In practical terms there is no speed difference between Bluetooth and WiFi when used for tethering cellular data. The reason being typical cellular data service data transfer rates are much slower than the theoretical limits of Bluetooth, making the potential higher bandwidth of WiFi irrelevant.

In addition, Bluetooth tethering is more convenient than WiFi, since in a number of notable phones (the iPhone being one) you can initiate tethering from the other device (as in your Laptop) when the phone is off (technically, in Standby with the screen is turned off).

I've done some tests and compared the various tethering options of an iPhone tethered to a Mac or iPad with the difference in real data transfer rates of each.

Solution 2:

For the bandwidth and latency, it all depends which version of Bluetooth both your phone and your computer support, and what kind of network connection you're tethering. Your connection speed will only be as fast as the fastest standard supprted by both devices.

From Wikipedia's Bluetooth page these are the theoretical maximum speeds for various Bluetooth versions:

Bluetooth Basic Rate (BR) 1Mbit/s
Bluetooth 2 Enhanced Data Rate (EDR) 2-3Mbit/s
Bluetooth 3 + HS (high Speed) 24MBit/s

Whereas for Wi-Fi (again depending on the Wifi version supported by your phone and your Mac:

IEEE 802.11b 11 Mbit/s (realistically 5-7MBit/s)
IEEE 802.11a 54MBit/s (realistically around 20 Mbit/s)
IEEE 802.11g 54MBit/s (realistically around 20 Mbit/s)
IEEE 802.11n 54MBit/s to 600MBit/s

(most devices these days support B & G, with new, fast devices supporting N as well)

So on the face of it, Wifi will normally give you a faster connection. However if you're tethering your phone to your Mac to connect to your phone network's data then the limitation is probably going to be the speed of your phone's data connection.

3G isn't a precise term and means different things on different phone networks, but you're normally looking at a speed of around 400Kbit/s to 2Mbit/s, which means that anything better than Bluetooth Basic Rate ought to be able to carry that data speed pretty comfortably.

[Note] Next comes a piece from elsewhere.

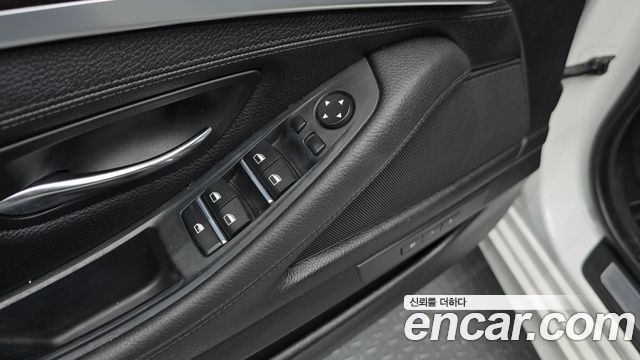 BMW 5-Series 2016 — photo 21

HSDPA aka 3.5G supports speeds of between 2MBit/s to 14MBit/s (depending on the implementation) so if you have a decent HSDPA or HSPA+ signal then you are probably better off using Wifi.

Solution 3:

Keep in mind that tethering via Bluetooth is far more energy efficient than using your phone as a WiFi hotspot. If it's speed you're after though, in my experience, WiFi performs better than Bluetooth.

Furthermore, with Bluetooth, it is possible to share a WiFi connection with other devices, which can be helpfull when you have a paid service which only allows one MAC address, for instance at a hotel.

Solution 4:

Even with an 2.0 EDR Bluetooth dongle, which should run at 3 Mbit/s, Bluetooth Tethering is usually locked at 1 Mbit/s (I've tried a wide array of mobile devices, chipsets, dongles, laptops, tablets with all the possible combinations).

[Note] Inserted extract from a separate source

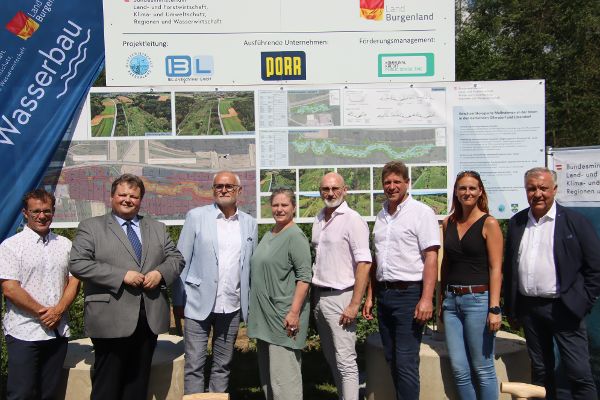 Zusehen ist die Spatenstichfeier für die Renaturierung der Strem in Ollersdorf – Litzelsdorf. Auf den Bild zu sehen ist, von links: Bürgermeister Bernd Strobl (Ollersdorf), Wolfgang Wukovits (Wasserbauamt), Sectionschefin Monika Mörth (Bundesministerium für Land- und Forstwirtschaft, Klima- und Umweltschutz, Regionen und Wasserwirtschaft), Christian Sailer (Landeswasserbau), Bürgermeister Jürgen Resch (Litzelsdorf).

On Bluetooth 3.0 and 4.0 the peak speed of 24 Mbit/s is not achieved on the Bluetooth link, but on a 802.11 link. I've never been able to get this configuration working on non custom hardware setups.

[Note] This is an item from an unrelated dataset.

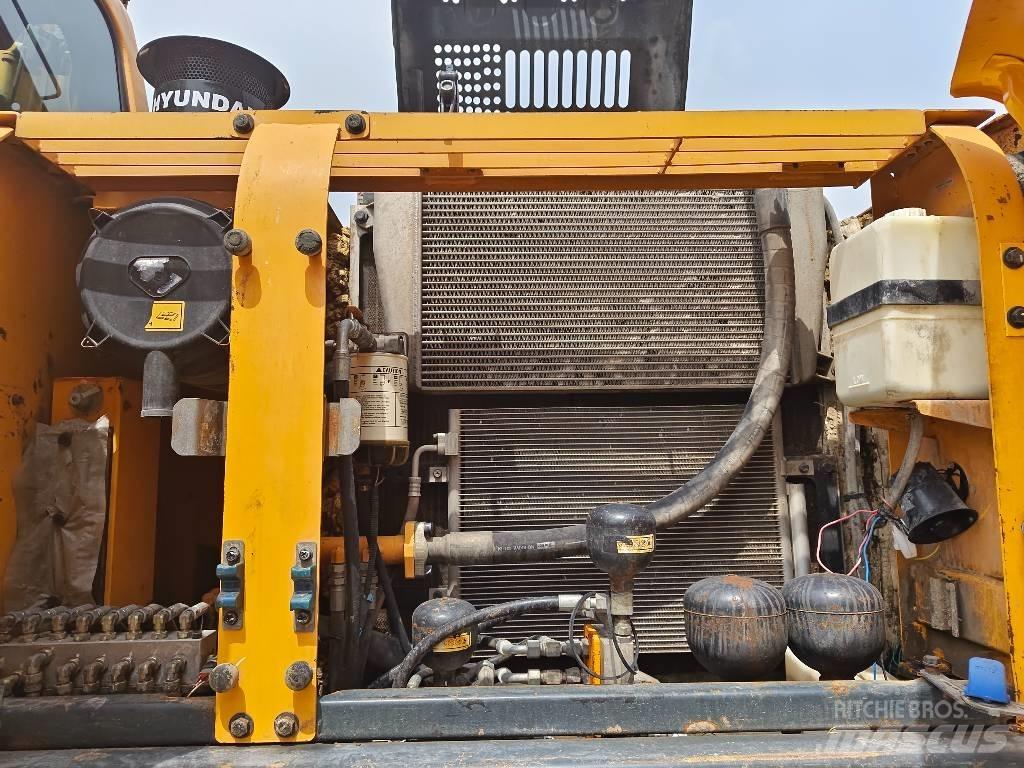 Hyundai R210W-9 Wielgraafmachines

So, in my experience, top speed for Bluetooth Tethering is 1 Mbit/s. Which is very slow, even if you are tethering a mobile connection (in 2015 real life mobile speeds are around 6 Mbit/s on 3G H+, and 15 Mbit/s on 4G LTE).

Still, it might be the right choice to tether over Bluetooth, because it uses much less power than WiFi tethering, and on mobile devices battery life is usually the top priority.